Nothing this past year has beaten the amount of feeling and fist-pumping Rocket League can inspire. The feeling when your team comes together to barely get in front of a shot on your goal, set up a centering pass in the transition to offense, and race across the field, rockets blazing, tumbling into the ball to smash it through the goal. The feeling when you’ve stopped the other team’s shots every which way you could manage, but that one goal they scored when you got careless sneers at you from the top of the screen while you struggle to get control of the ball.
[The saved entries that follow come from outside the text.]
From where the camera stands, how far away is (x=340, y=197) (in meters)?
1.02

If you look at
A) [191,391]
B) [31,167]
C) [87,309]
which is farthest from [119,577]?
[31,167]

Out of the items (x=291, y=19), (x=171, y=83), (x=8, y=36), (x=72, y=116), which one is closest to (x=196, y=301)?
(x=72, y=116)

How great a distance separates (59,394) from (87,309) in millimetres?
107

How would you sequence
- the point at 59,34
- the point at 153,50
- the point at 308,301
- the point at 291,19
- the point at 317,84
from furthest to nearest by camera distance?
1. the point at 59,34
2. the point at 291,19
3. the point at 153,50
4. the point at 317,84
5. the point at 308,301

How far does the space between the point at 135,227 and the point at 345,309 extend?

Feeling betrayed because your match-made team wants to forfeit after a minute of playing because you’re down three points, and how can you possibly forfeit a ranked game, theres SO MUCH TIME LEFT. It’s good. Rocket League is so, so good, and I think/hope it’s going to be relevant for a long time yet.


In cardboard and table gaming it was a year I went hard into D&D’s 5th edition, playing in games and running one of my own. Setting up Pandemic: Legacy for the first time after anticipating it for a month reduced me into a giggling mess in front of our neighbors. Android: Netrunner continues to be strong and I continue to not play as much of it as I’d like.


I’ve been real happy with the games in 2015, but there’s already so much on the horizon for this next year that I’m having a hard time remembering all of the ones that I’m interested in. Jonathan Blow’s The Witness releases late this month, and as a Myst fan I can’t wait to sink my teeth in to it. As a Myst fan, I’m also excited Cyan has Obduction coming sometime soon(?). Firewatch looks excellent and is arriving in early Feburary. No Man’s Sky is this summer. Star Citizen continues to be interesting behind the dust its kicking up about funding and development progress, although I’m worried I won’t be able to wrap my head around flying any of its ships.

There’s plenty I still want to get to from this and past years, as well. I’ve got to make some progress on the Witcher series so I feel like I can pick up the third installment. I’ve got a wishlist on the PS4 I want to delve into, but I need to stop sitting on The Last of Us before I’ll let myself buy full-price titles like Bloodborne lest they suffer the same fate.


My free time has never been at the premium it is now that our family is bigger, and figuring out where I can find time to work through my lists will probably be the game I play most this coming year. That said, when the time is there, it’s looking like this year I’m going to have a ton of good options.